TASK ITEM >>
Starting at the first entry below, repeat all the data word for word and drop the pictures.

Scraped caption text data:
--- START ---
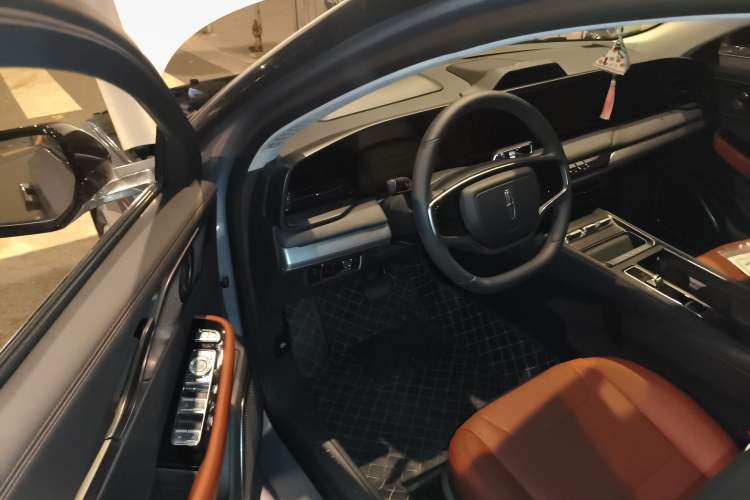 Used Lincoln Z 2025 2.0T Luxury Edition Driver Seat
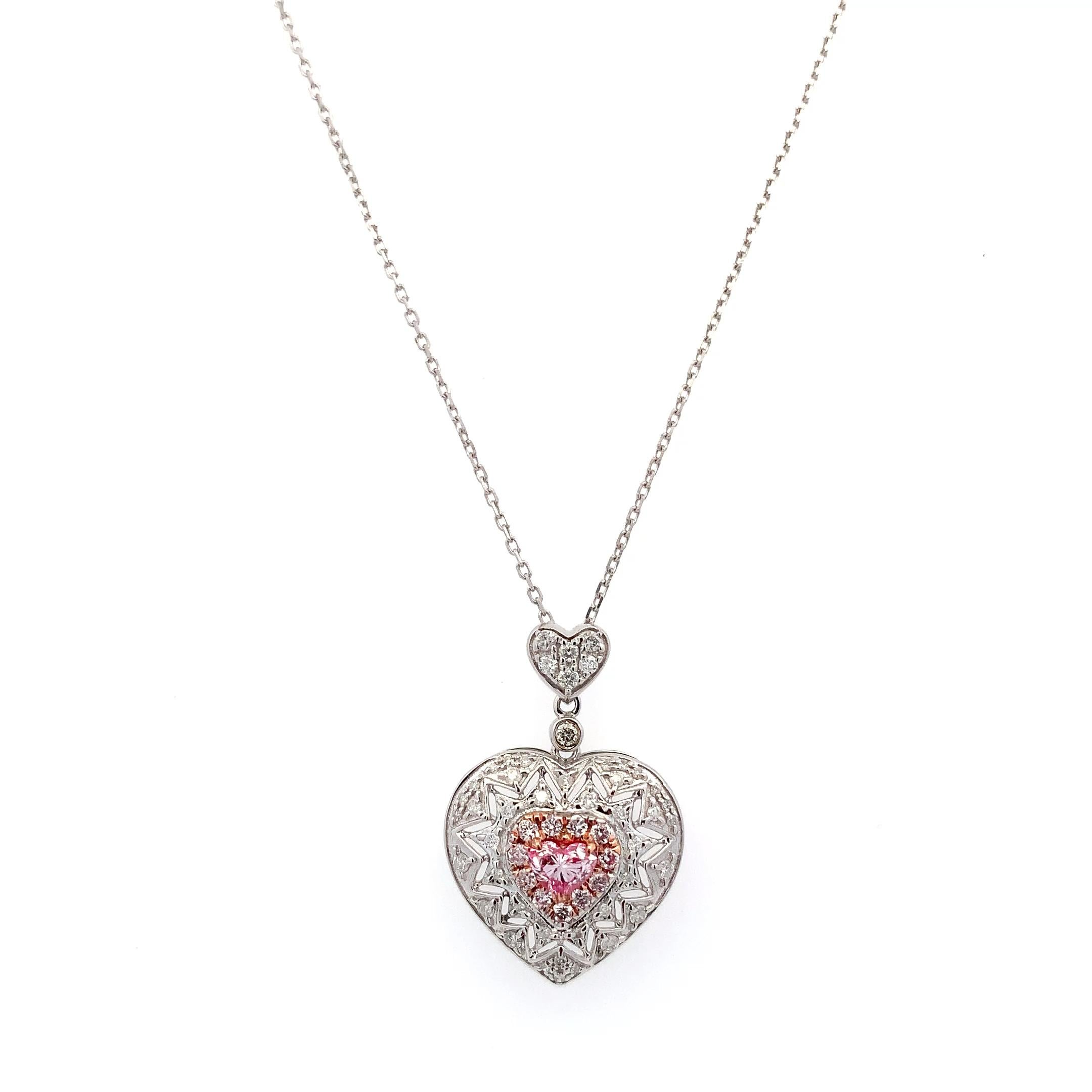 Collana con ciondolo con diamante a forma di cuore in oro bianco 18k In condizioni Nuovo in vendita a London, GB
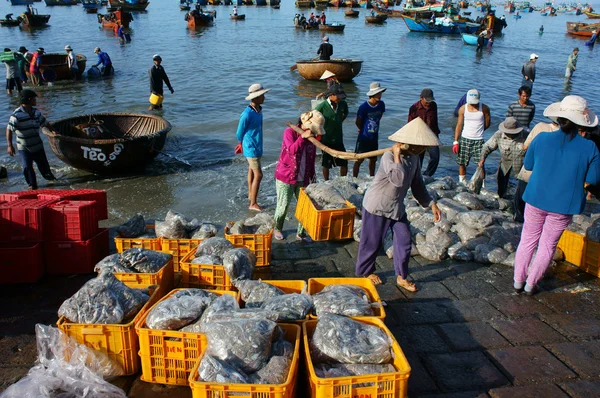 Crowded, beach, fish market, seafood, Vietnam — Stock Photo, Image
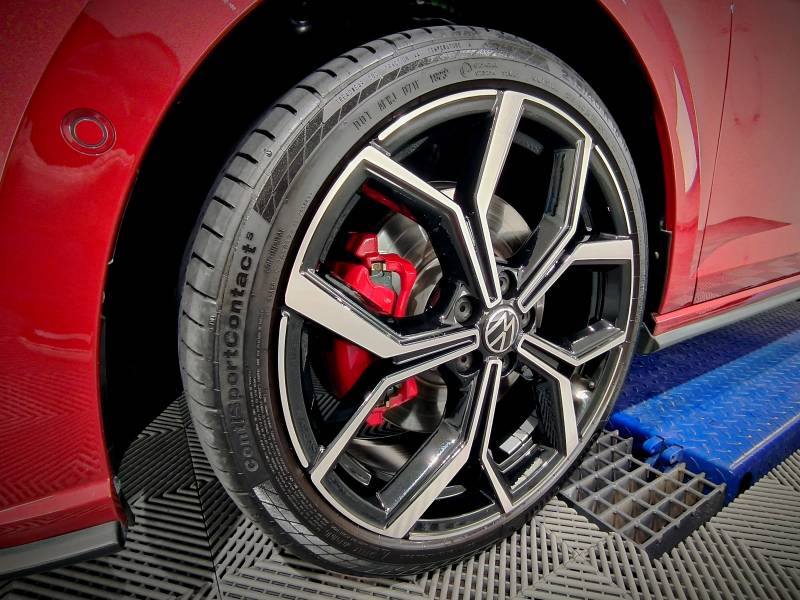 PREPARATION ESTHETIQUE / CAR STAGING / CIRE & soin des plastiques extérieurs sur une VOLKSWAGEN POLO GTI de 2023 sur Belley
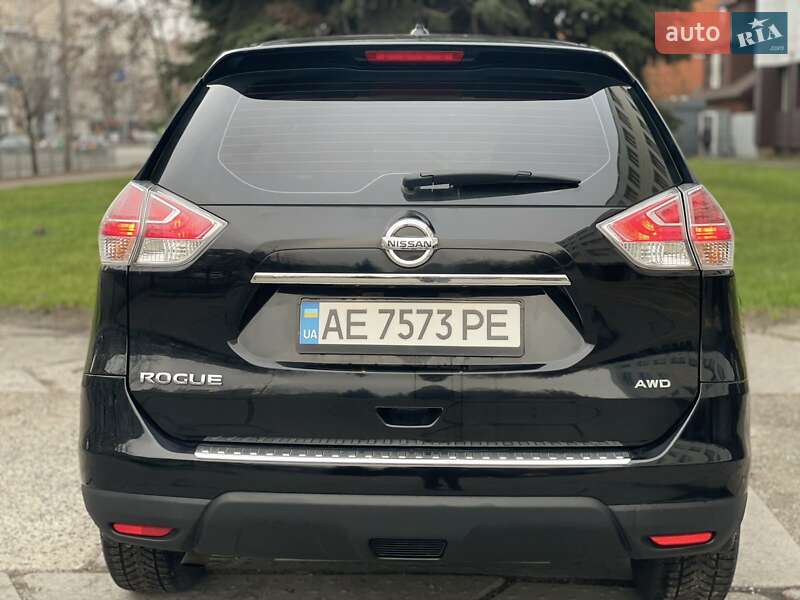 Внедорожник / Кроссовер Nissan Rogue 2015 в Днепре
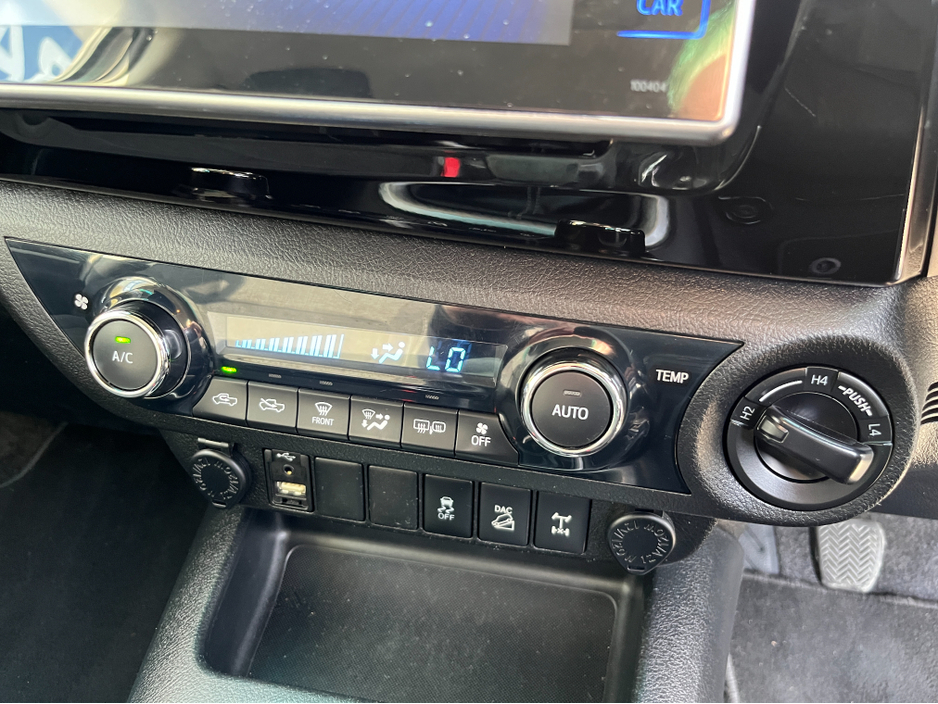 2017 Toyota Hilux - image 18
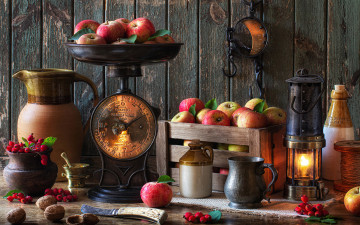 обоя еда, натюрморт, весы, фонарь, яблоки, шиповник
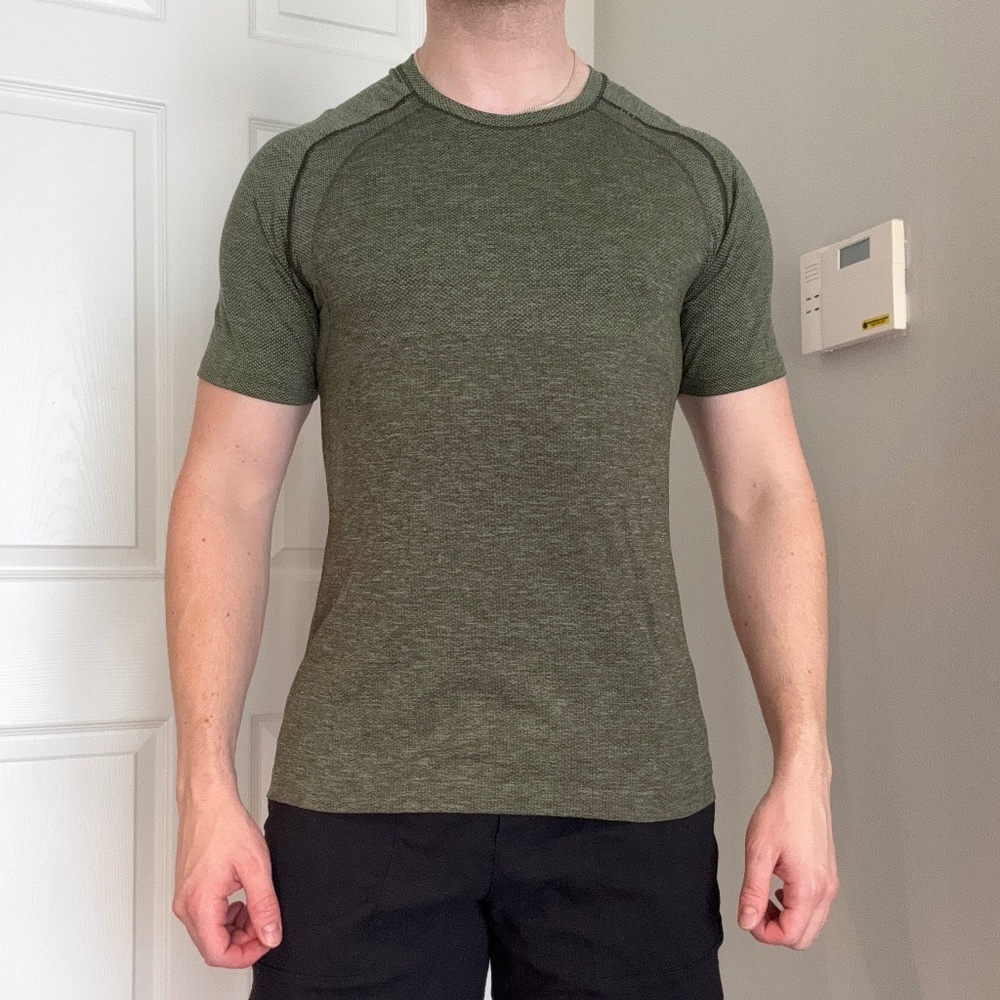 Lululemon Men's Green Metal Vent Tech T-shirt (M)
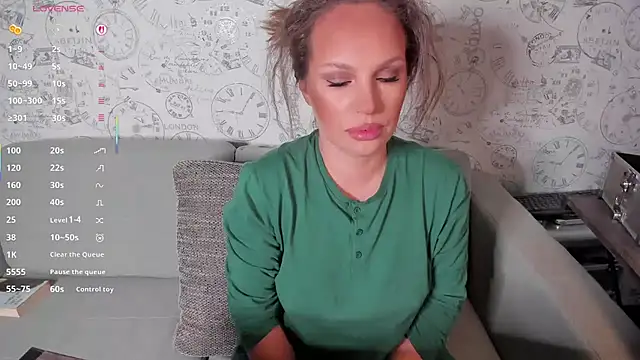 LondonBadGirl online show from 10/26/25, 03:23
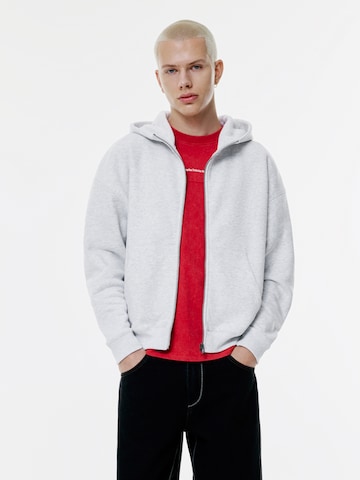 Veste de survêtement Pull&Bear en gris : devant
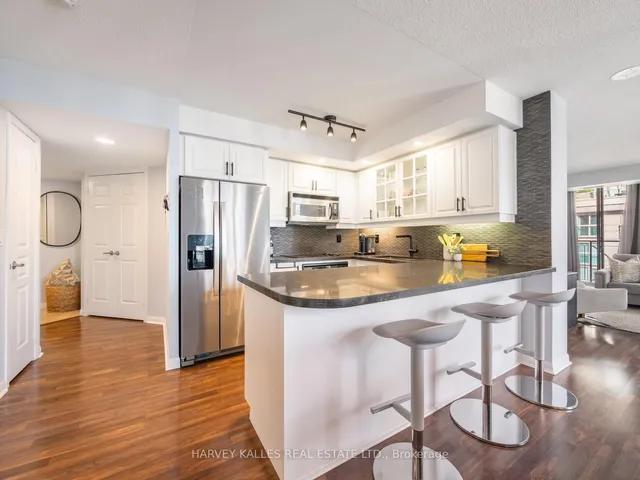 Additional image 2 of 140 Simcoe St Unit 1309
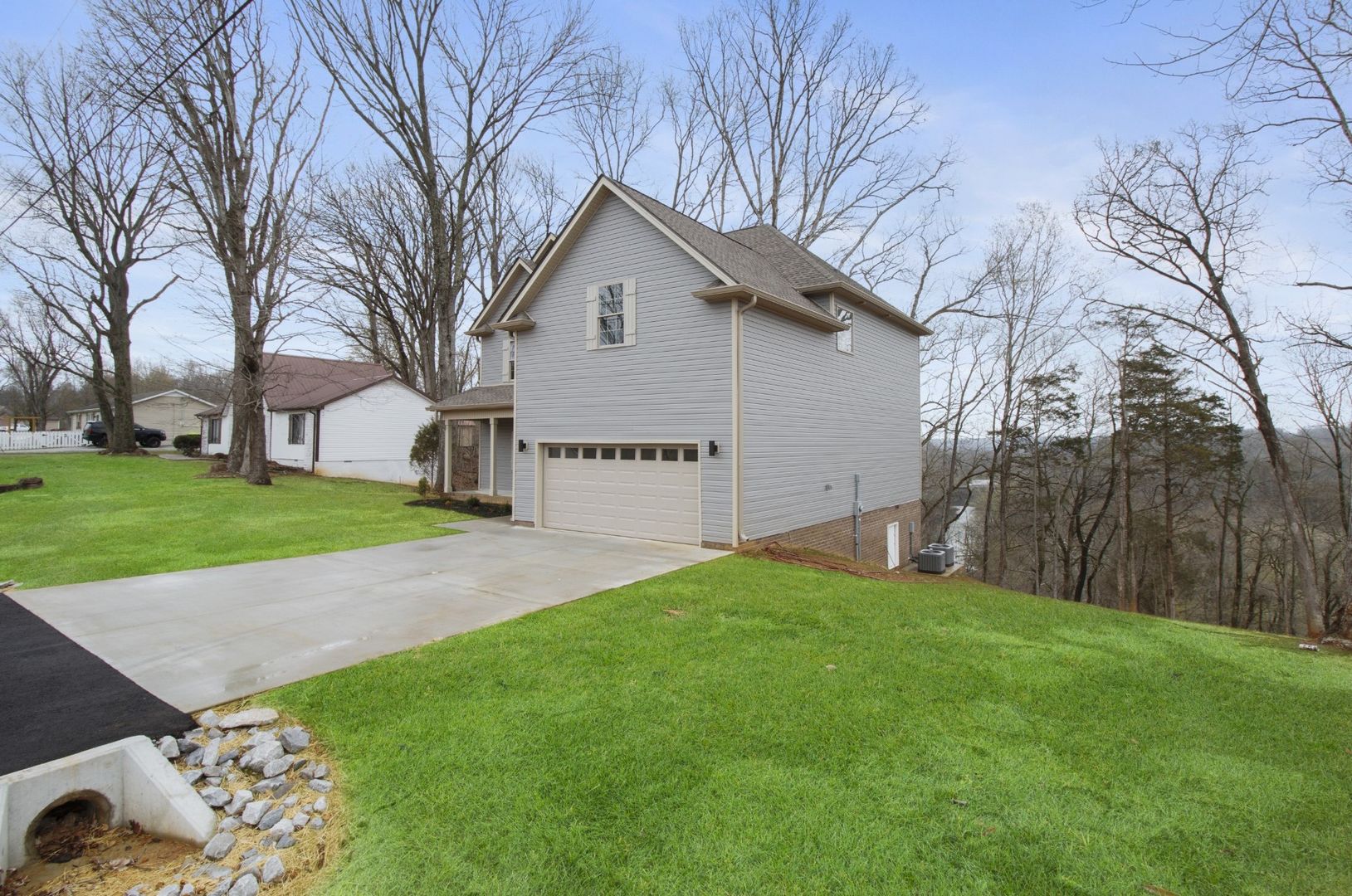 Powell Rd - 2125 33 of 34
--- END ---
EXPECTED ANSWER >>
 Used Lincoln Z 2025 2.0T Luxury Edition Driver Seat
 Collana con ciondolo con diamante a forma di cuore in oro bianco 18k In condizioni Nuovo in vendita a London, GB
 Crowded, beach, fish market, seafood, Vietnam — Stock Photo, Image
 PREPARATION ESTHETIQUE / CAR STAGING / CIRE & soin des plastiques extérieurs sur une VOLKSWAGEN POLO GTI de 2023 sur Belley
 Внедорожник / Кроссовер Nissan Rogue 2015 в Днепре
 2017 Toyota Hilux - image 18
 обоя еда, натюрморт, весы, фонарь, яблоки, шиповник
 Lululemon Men's Green Metal Vent Tech T-shirt (M)
 LondonBadGirl online show from 10/26/25, 03:23
 Veste de survêtement Pull&Bear en gris : devant
 Additional image 2 of 140 Simcoe St Unit 1309
 Powell Rd - 2125 33 of 34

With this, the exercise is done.